- Engine: PennMUSH ;
- Platform(s): Platform independent
- Release: 1991
- Genre(s): MUSH
- Mode(s): Multiplayer

= Elendor =

Elendor is a free online text-based multi-user game that simulates the environment of J. R. R. Tolkien's Middle-earth. Users create characters by determining species, sex, culture, description, history (and sometimes persona) and then role-playing with other users within the setting and atmosphere of Tolkien's world. For the purposes of consistency, the game accepts The Lord of the Rings, The Hobbit and The Silmarillion and to a lesser extent the other works of Tolkien as canonical materials. The time frame is shortly before the onset of the main events of The Lord of the Rings with Bilbo having gone to Rivendell. The game is run on a MUSH server using a variant of PennMUSH.

The game was established in October 1991 and has been called "the original Tolkien Middle-Earth MUSH". It has been noted for its large player population, and at its height during the late 1990s and early 2000s, the time of the production and release of Peter Jackson's film trilogy, Elendor was regarded as one of the most popular text-based worlds on the Internet.

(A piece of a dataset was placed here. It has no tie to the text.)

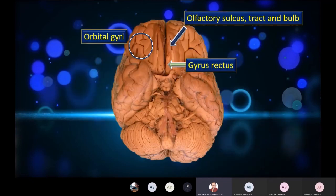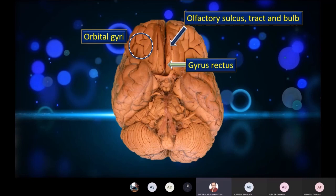We are now on the inferior surface. The most striking thing about the inferior surface is that there are two components. The larger posterior part is the temporal aspect of the inferior surface. In front of it is the frontal aspect of the inferior surface. The anterior part is the orbital component of the inferior surface, and the rest is the temporal component. The orbital component is also known as the frontal component.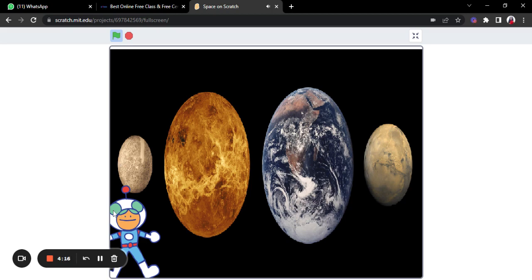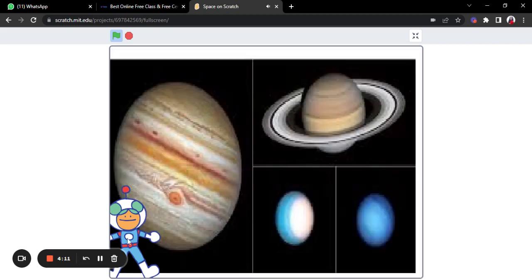Now our exploration of the terrestrial planets, aka the inner planets, is done. Now let's take a look at the gaseous planets, aka the outer planets.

It was chosen as "Best Tolkien Community Site" by Yahoo! Internet Life magazine.

==Game play and mechanics==

Elendor comprises twenty-one factions known within the game as cultures. Each covers a different group or geographic area of Middle-earth. As in The Lord of the Rings, action is confined to the northwest of Middle-earth. Users may play an Orc from Moria, an Elf from Mirkwood, a mortal Man from Dunland or a Hobbit from the Shire and other creatures and species. Some cultures and species are restricted and require approval by the game administration. These include the Ents, Trolls and Dúnedain as well as other special or powerful species. "Feature" Characters (FC) and "Book Feature" Characters (BFC) are granted to users as rewards for their dedicated work for a culture, good roleplaying ability and seniority.

The cultures are each governed by a "+ruler" (an out of character position) and a council of "Local Admins" or "LAs" who assist the +ruler. These users are responsible for the theme and day-to-day operation of their respective cultures. Above the +rulers is a council of "royals", and then "wizards", who are MUSH-wide administrators who have wide-ranging responsibilities that range from code and server maintenance to user arbitration and game theme oversight.